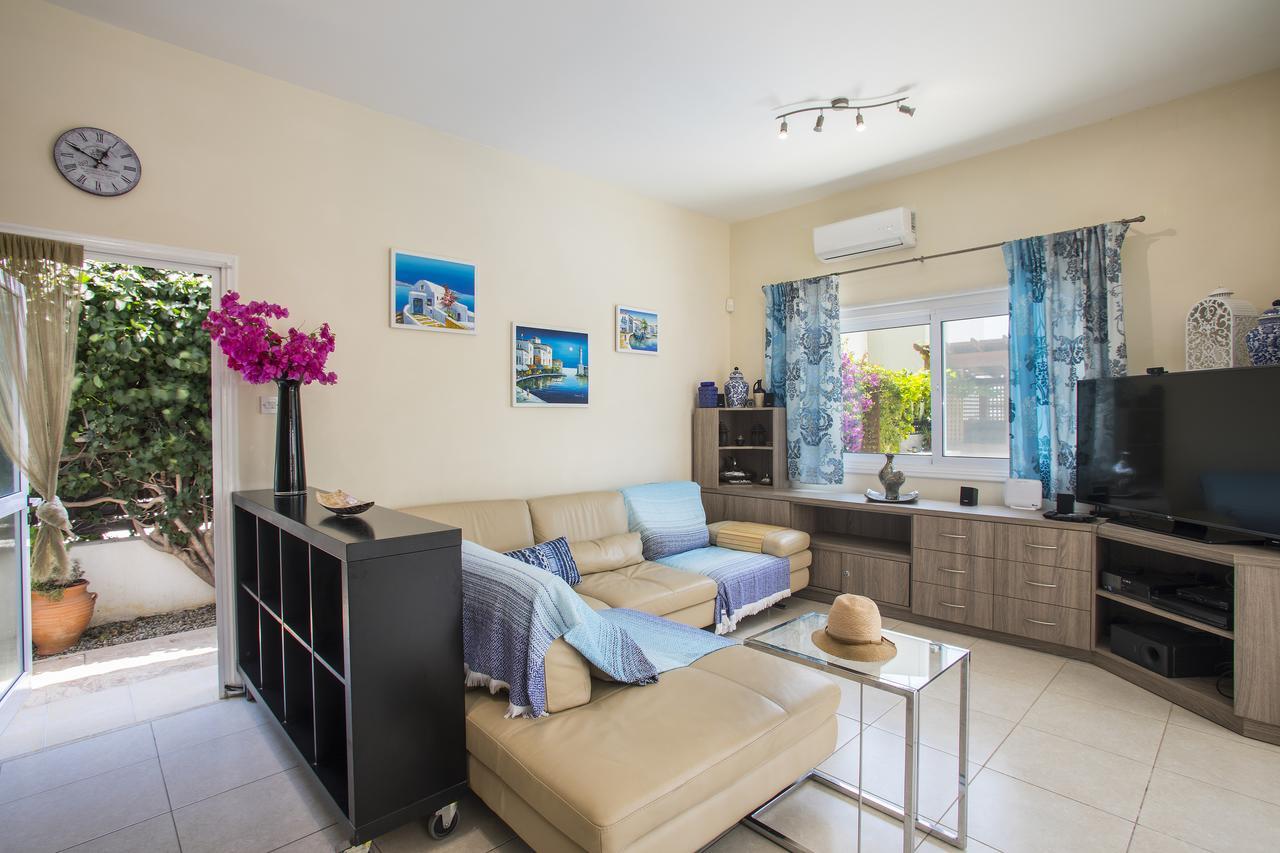 Villa Elias Ayia Napa Exterior foto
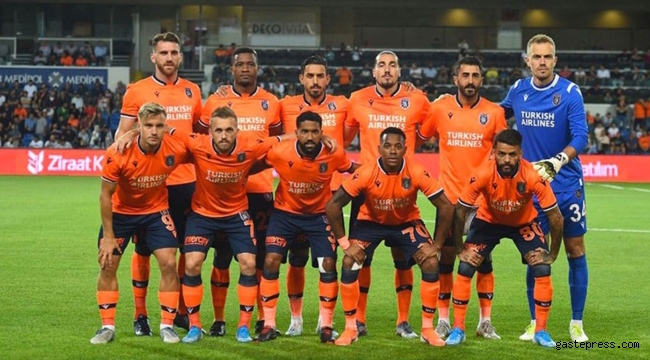 Medipol Başakşehir Yunanistan deplasmanında tur arıyor!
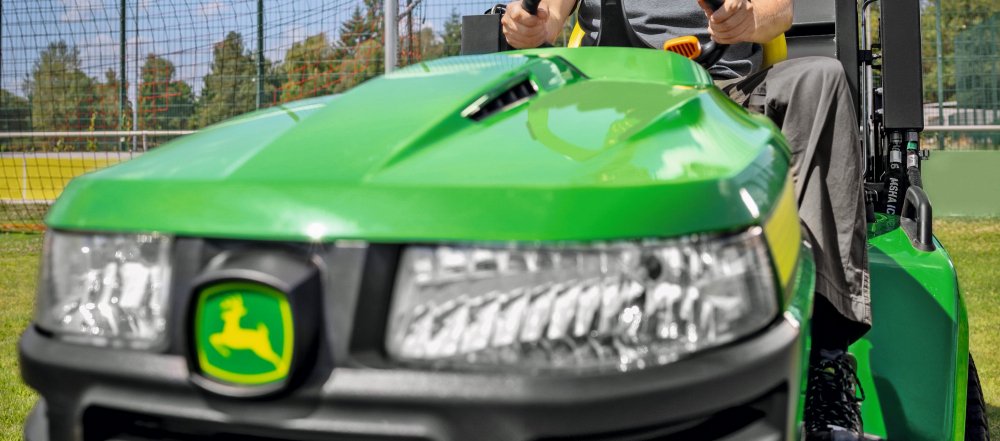 John Deere Groundscare Equipment Rental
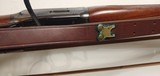 Used Winchester Model 64 24" barrel 32 Win Spl leather strap bore is clean rifling intact some bluing wear on receiver (blood?) good cond - 25 of 25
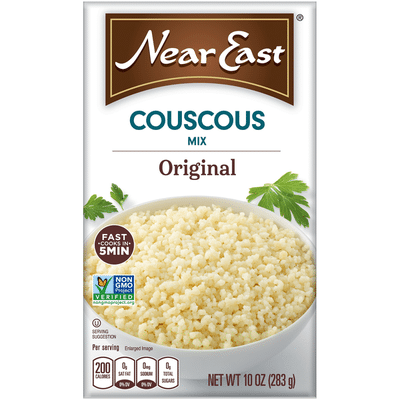 Near East Couscous Mix Original Plain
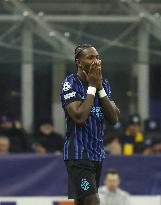 CALCIO - UEFA Champions League - Inter - FC Internazionale vs Arsenal FC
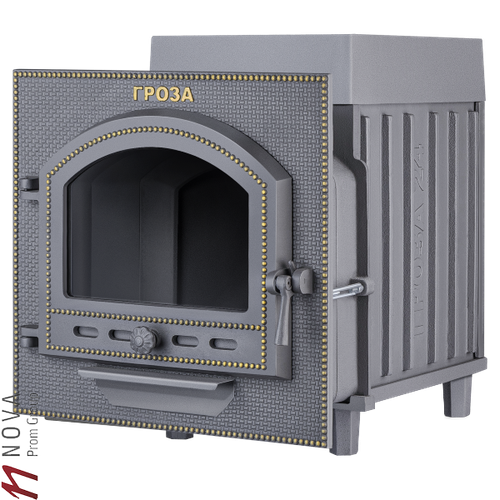 Печь для бани GFS Гроза 24П чугунная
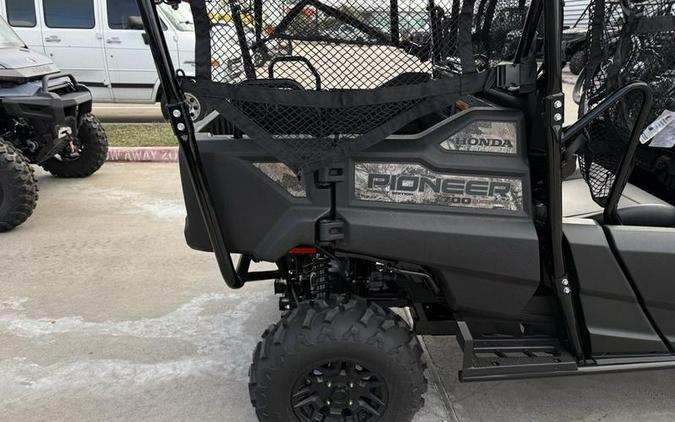 2026 Honda® Pioneer 700-4 Forest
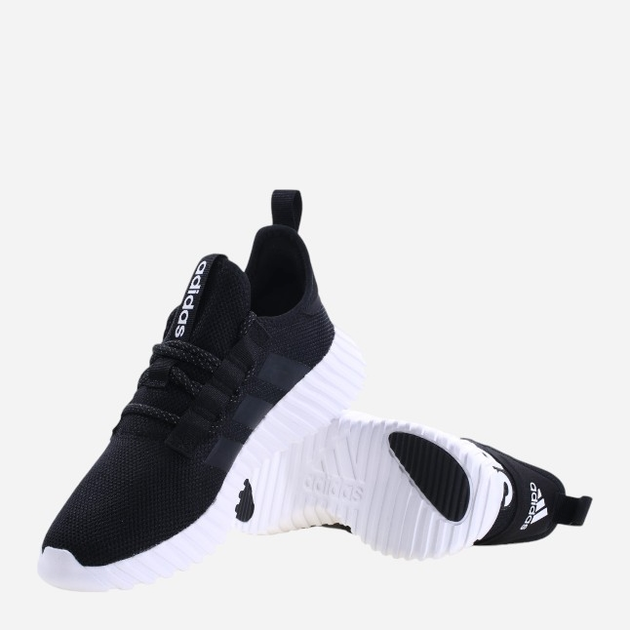 Buty sportowe męskie adidas Kaptir 3.0 IF7318 43.5 Czarne (4066756506346) - obraz 4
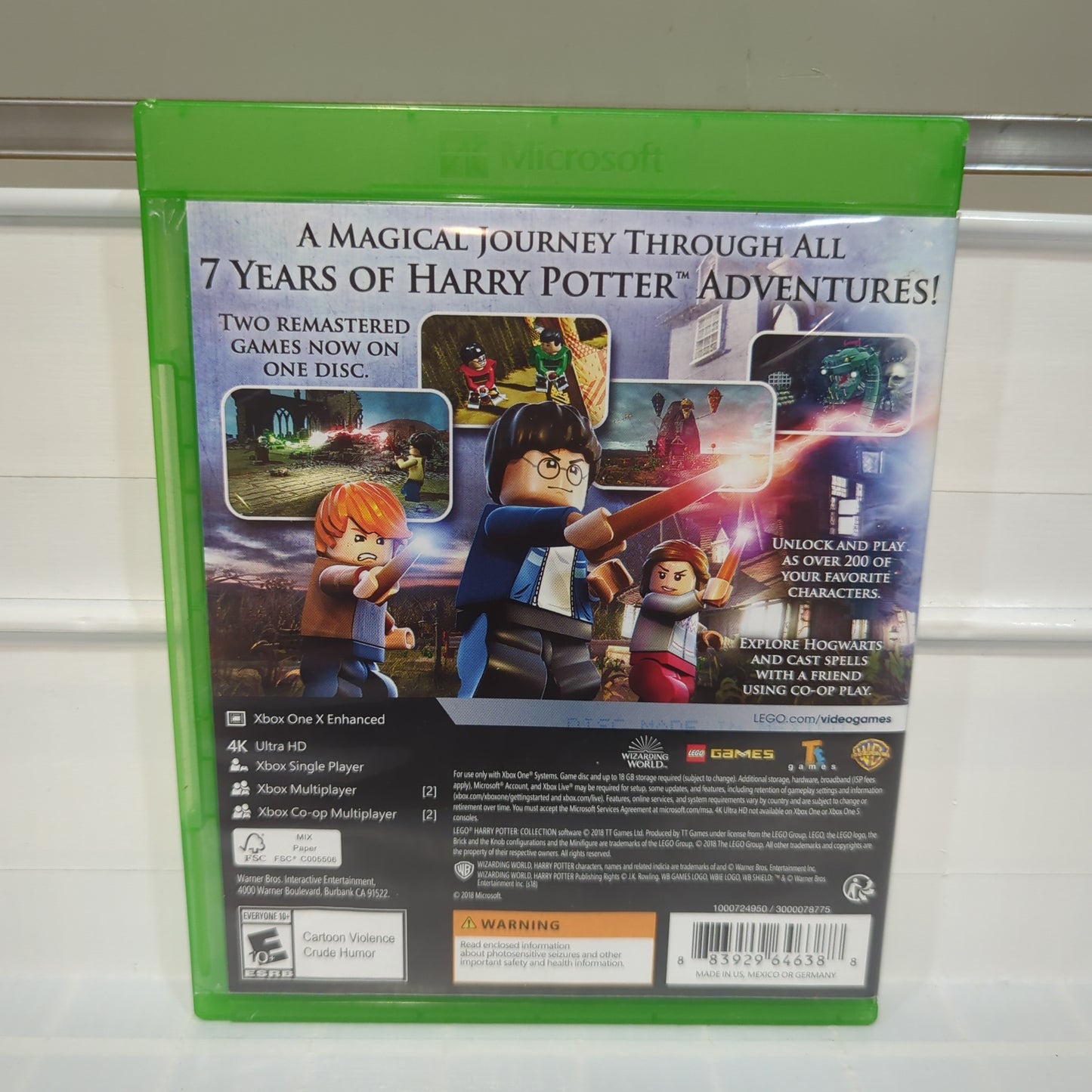 LEGO Harry Potter Collection - Xbox One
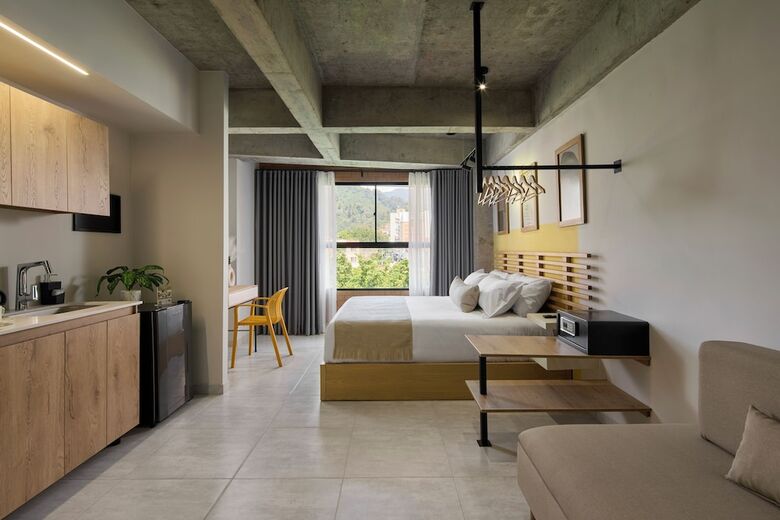 Apartamentos 30 Living Suites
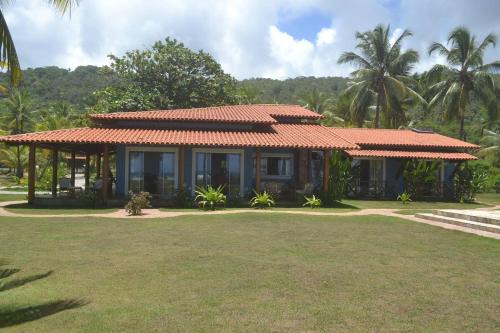 Serra Grande Casa | Front Sea House in Serra Grande with Private Pool and 10000 sqm of land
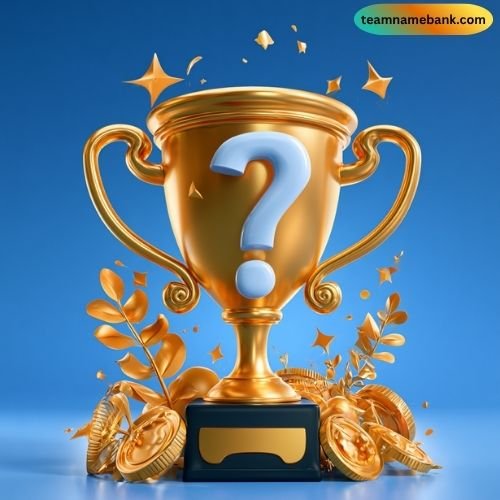 Top Trivia Team Names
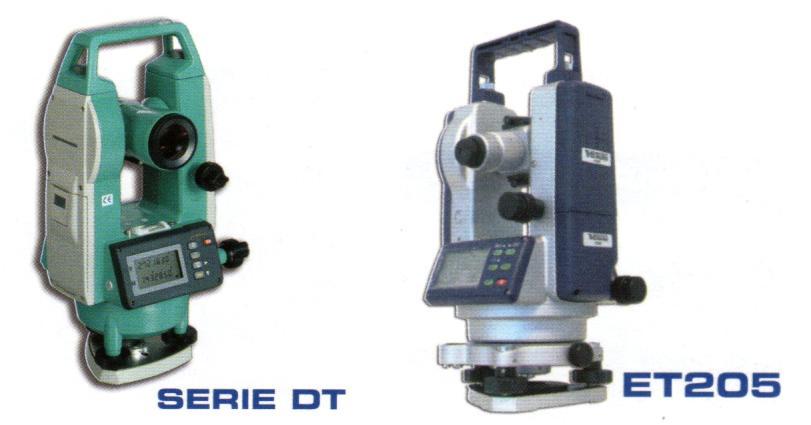 cercului vertical; 5 cercul alidad care susţine suprastructura teodolitului; 6 cercul gradat orizontal sau limb; 7 coloană plină a axului de rotaţie al teodolitului; 8 coloană tubulară a axului de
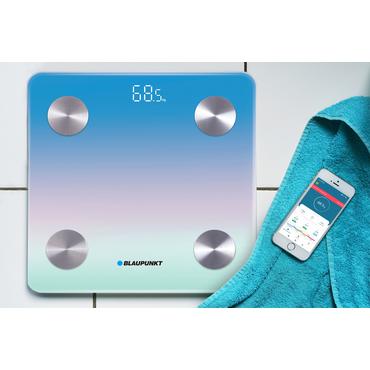 *BLAUPUNKT BSM601BT      BATHROOM SCALE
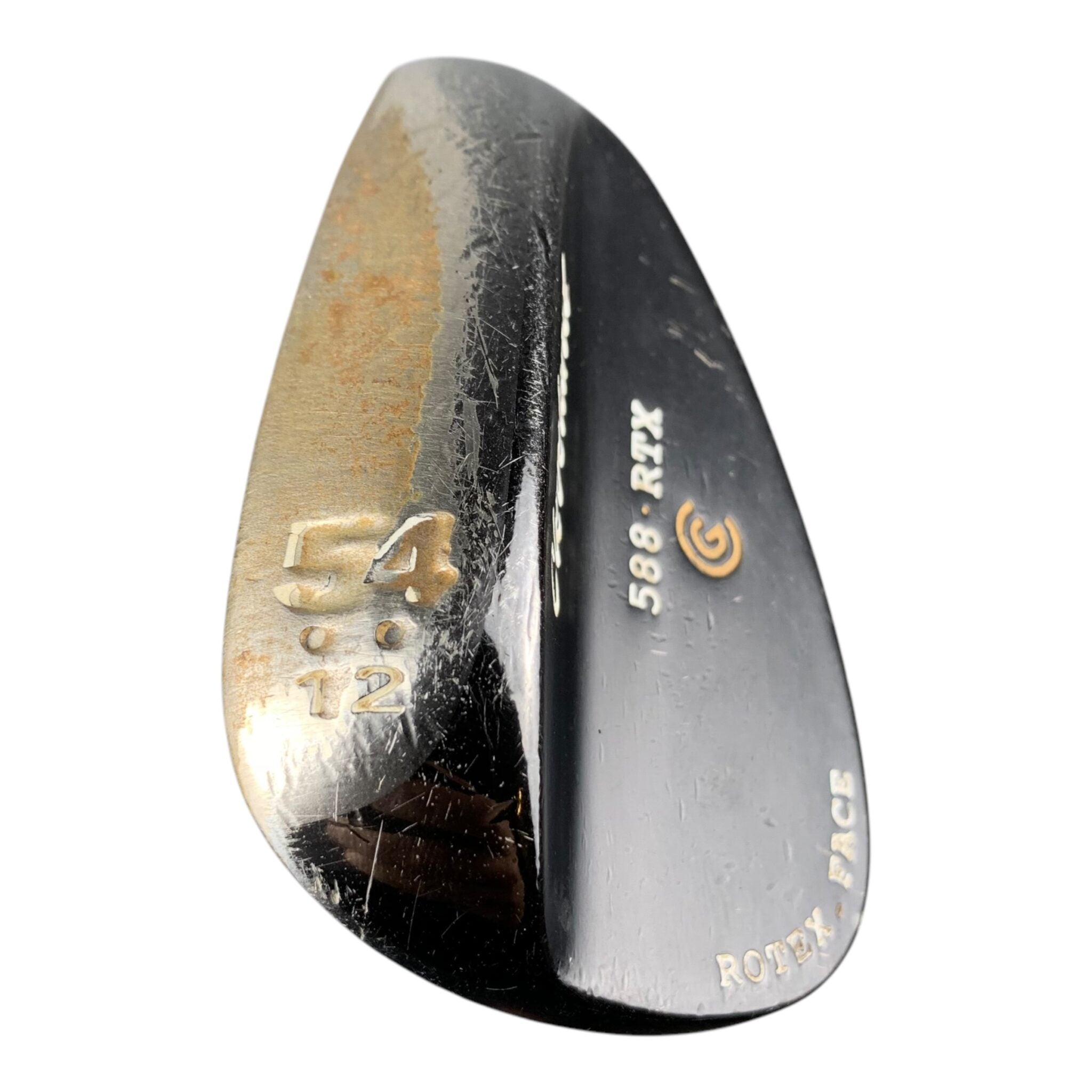 Cleveland 588 RTX 2.0 CB Tour Satin Wedge / Stahl / #54/12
:::
# WHAT THE EXERCISE ASKS:
Lines from the one that holds "Apartamentos 30 Living Suites" through the final line of the material are to be duplicated exactly; no pictures belong in the copy.

# ANSWER TO THIS TASK:
 Apartamentos 30 Living Suites
 Serra Grande Casa | Front Sea House in Serra Grande with Private Pool and 10000 sqm of land
 Top Trivia Team Names
 cercului vertical; 5 cercul alidad care susţine suprastructura teodolitului; 6 cercul gradat orizontal sau limb; 7 coloană plină a axului de rotaţie al teodolitului; 8 coloană tubulară a axului de
 *BLAUPUNKT BSM601BT      BATHROOM SCALE
 Cleveland 588 RTX 2.0 CB Tour Satin Wedge / Stahl / #54/12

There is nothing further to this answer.